まがいもの令嬢なのに王太子妃になるなんて聞いていません!

「私の生まれはケドラー辺境伯領内の小さな村です。母はクラム伯爵家のメイドでしたが、私を身籠ったために解雇され、実家にも頼れずひとりで産んで育ててくれました。学校にも通えない貧しさでしたが、不幸だと思ったことは一度もありません」

 母から愛され、困った時には村人が助けてくれた。労働の日々の中でも楽しみはたくさんあり、幸せだった。

 母が病気になるまでは。

「母が病に倒れたことで、私は父が誰であるかを初めて知りました」

 自分亡きあとの娘の生活を案じた母が手紙を送り、父が迎えに来た。

 父の目的は伯爵家のためになる結婚を娘にさせるためで、少しも愛されていないのには傷ついたが、母の入院費と引き換えに取引に応じた。

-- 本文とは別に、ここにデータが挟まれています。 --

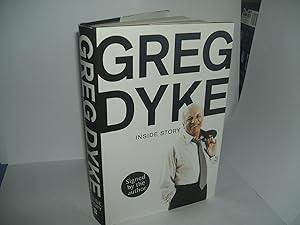 Seller image for Greg Dyke: Inside Story for sale by Hunt For Books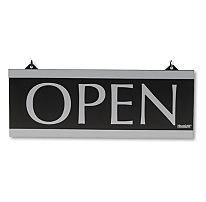 Reversible Open Closed Business Sign 13 x 5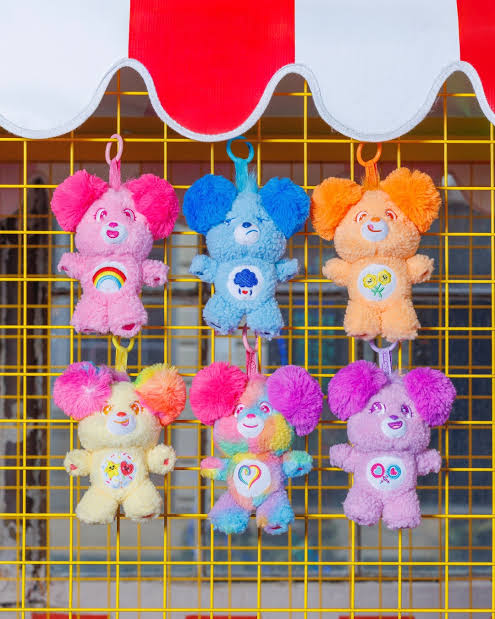 Care bears Sugar Cuties Blind box Sorpresa Llavero charm con aroma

 そして一年間、厳しい淑女教育を受け、昨年末の舞踏会に臨んだ――という事情を包み隠さず打ち明けた。

 静かに聞いてくれたアドルディオンはなにを思うのか。

 生まれた地を口にしたら目を見開いて、その後はなにかを逡巡しているような顔をし、パトリシアが話し終えると小さくかぶりを振っていた。

(私に失望したのよね)

 どんな処罰がくだされるかと思うと恐ろしく、それ以上に母の病を治せなかったのが身を切られるようにつらい。

 アドルディオンを騙していたことへの申し訳なさも強く感じるが、ほんの少しだけホッとしている自分もいた。